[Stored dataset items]
▽
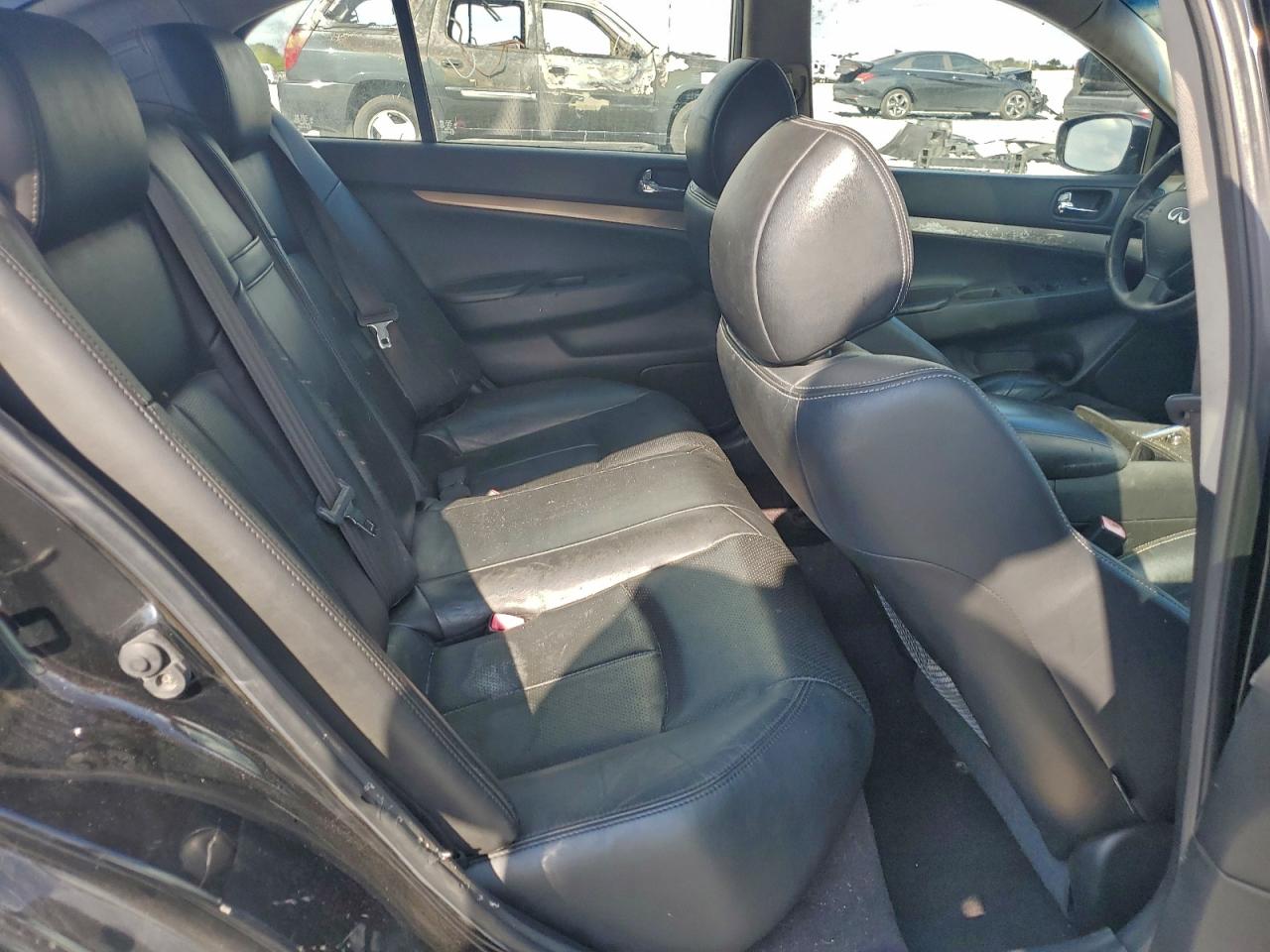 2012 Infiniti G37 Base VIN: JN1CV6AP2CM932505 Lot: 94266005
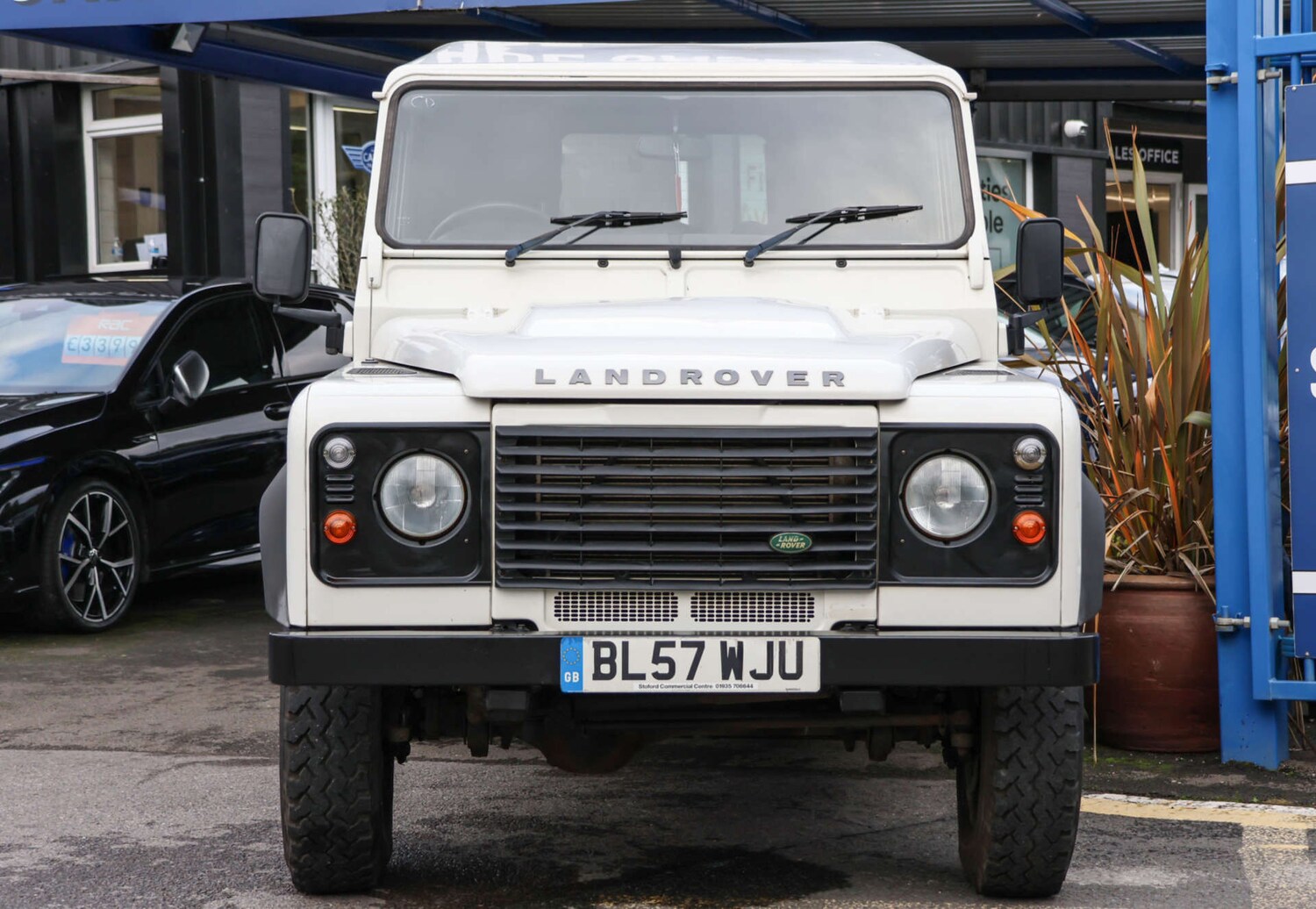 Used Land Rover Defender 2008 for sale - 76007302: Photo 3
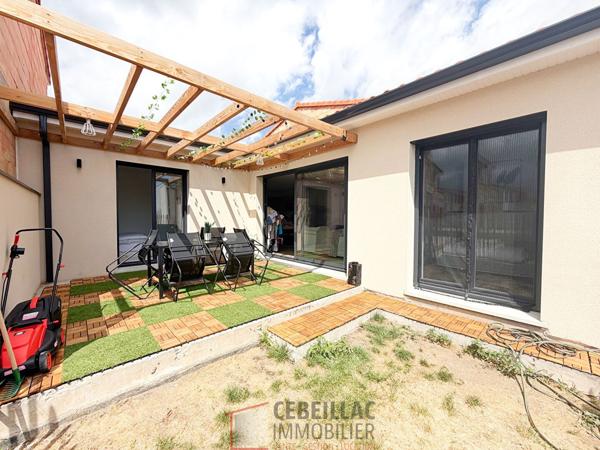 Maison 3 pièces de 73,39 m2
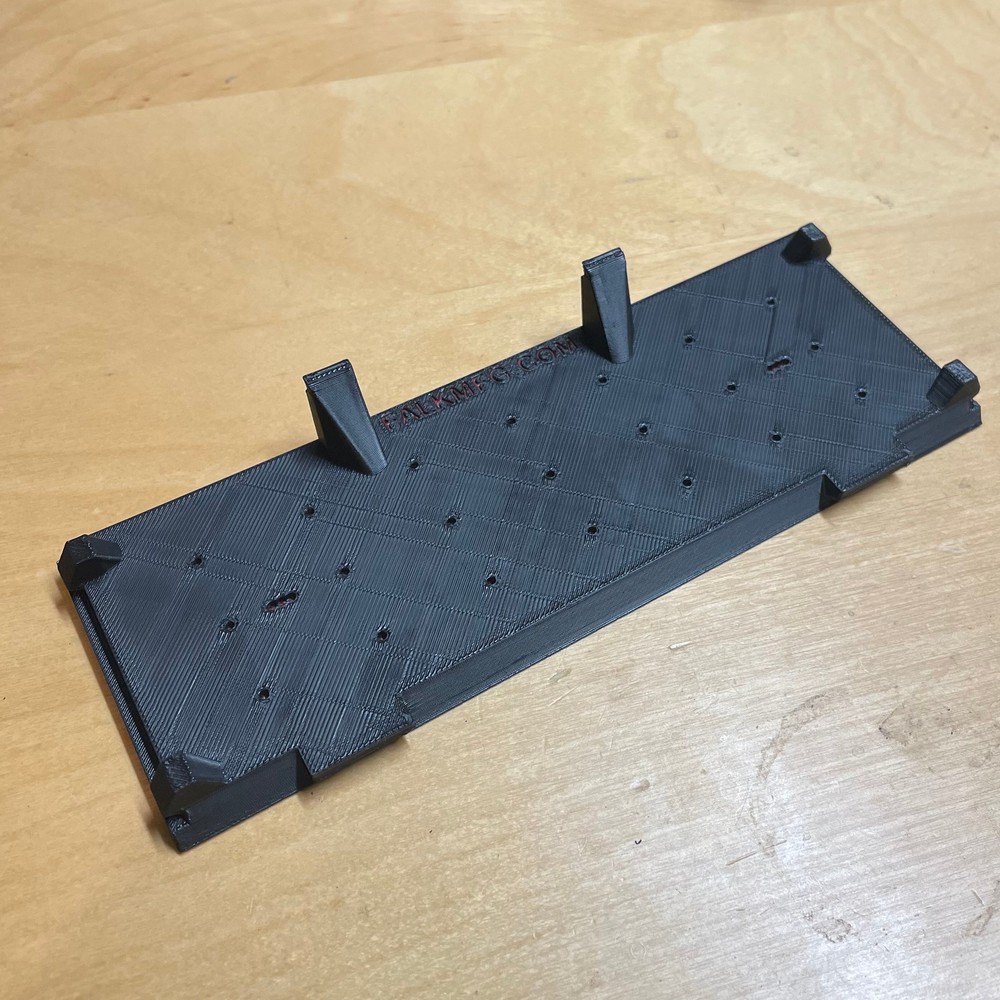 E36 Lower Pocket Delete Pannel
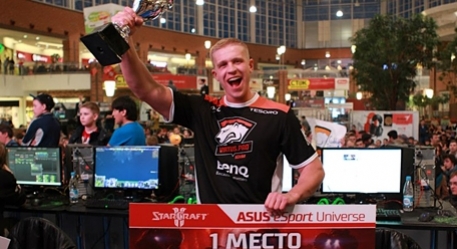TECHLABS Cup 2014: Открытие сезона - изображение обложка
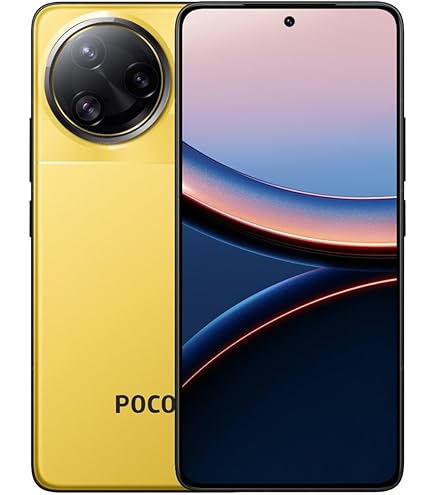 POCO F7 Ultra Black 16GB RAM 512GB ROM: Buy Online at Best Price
△
__What to produce__: The range to copy runs from the line with "Maison 3 pièces de 73,39 m2" to the last line of the entries, both included; copy it exactly and leave out the pictures.

__Your response__:
 Maison 3 pièces de 73,39 m2
 E36 Lower Pocket Delete Pannel
TECHLABS Cup 2014: Открытие сезона - изображение обложка
 POCO F7 Ultra Black 16GB RAM 512GB ROM: Buy Online at Best Price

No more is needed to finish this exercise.